Résumé:
1947, Guyenne, Abitibi. Marcel Desharnais vient s'installer dans une coopérative, un peu au nord de Val-d'or pour défricher la terre et devenir cultivateur. Il souhaite coloniser un nouveau bout de pays. Mais pour la colonisation, la grande époque est passée et si le modèle coopératif est là pour soutenir le développement agricole autant que l'industrie du bois, les tensions sont vives entre le bois qui rapporte et la terre qui est garante d'autonomie, mais est dure à cultiver. Ce récit est l'histoire de vingt ans de colonisation dans un modèle que l'on connaît peu et que les autres colons avait surnommé la petite Russie.Mon avis:
S'il manquait une preuve de l'incroyable versatilité de la bande dessinée, ce livre en est une preuve. En dessins, il reprend les codes des grandes oeuvres sur la terre, dans la veine du Survenant de Germaine Guèvremont et de Maria Chapdelaine de Louis Hémon. Le travail de la terre est admirablement bien rendu dans le dessin, dans cette minutie de ceux qui l'aiment et la travaillent, dans ses duretés aussi. Le contraste avec la forêt, que Marcel n'aime pas mais dans lequel il travaillera afin de pouvoir avoir sa terre, s'étale sur toutes les pages. Forêt qui draine les forces vives de la coopérative, en constante compétition avec la terre. La tension entre les deux est sensible tout au long du livre.

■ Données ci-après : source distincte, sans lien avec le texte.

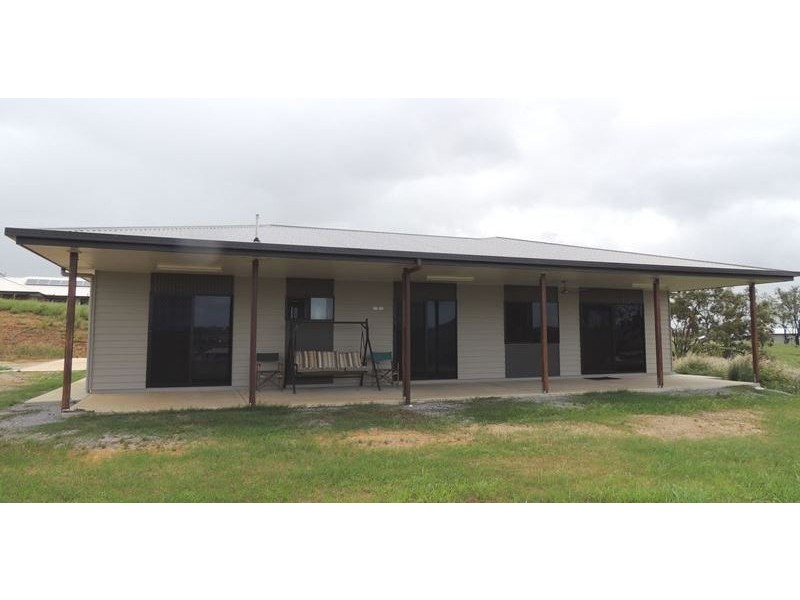 6 Greenhills Court, Calliope QLD 4680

Il y a aussi les personnages. Marcel est un bon gars typique du Québec, qui souhaite reproduire le modèle agricole que ses ancêtres ont connu, se construire une maison et vivre en autarcie. Le bois, pour lui n'est qu'un moyen, pas une fin. C'est avec d'autant plus de difficultés qu'il fera face aux autres membres de la coopérative qui ne lui accordent pas autant d'intérêt. Sa femme, Antoinette est un personnage plus moderne. Elle n'acceptera pas le fait que les femmes n'aient pas leur place aux assemblées de la coopérative et fera tout pour tisser un lien de solidarité entre les femmes de Guyenne.
Le décalage entre leur rêve, somme toute assez conservateur, et la réalité dans lequel ils vivent se fait de plus en plus criante au fil du livre. Alors qu'ils rêvent d'un retour à la terre, télévision, tracteur et téléphone vient changer le monde rural où ils vivent. Après la mort d'un enfant, Antoinette abordera même le sujet de la pilule, c'est dire le fossé! Cela se fait par petite touche, mais on comprend que le monde qu'ils souhaitent appartient au passé, malgré tout le labeur qu'ils y mettront.
Le dessin est tout simplement remarquable. L'auteur nous montre des séquences de dessins pour illustrer l'univers dans lequel les protagonistes évoluent, sans dialogues, parfois même sans personnages. On sent la forêt, partout, toute proche, à la fois repoussoir et source financière, on sent aussi le travail de la terre, on sent les tensions grandissantes dans la coopérative. L'auteur se permet même quelques magnifiques plans séquences pour montrer les aurores boréales qui remplissent le ciel abitibien, rendant dans la technique utilisée pour les faire, la texture de ces phénomènes atmosphériques.
Francis Desharnais est un bédéiste qui roule sa bosse depuis un moment déjà et qui a une feuille de route bien remplie. On peut ajouter un morceau de maître à son tableau de chasse avec cet opus.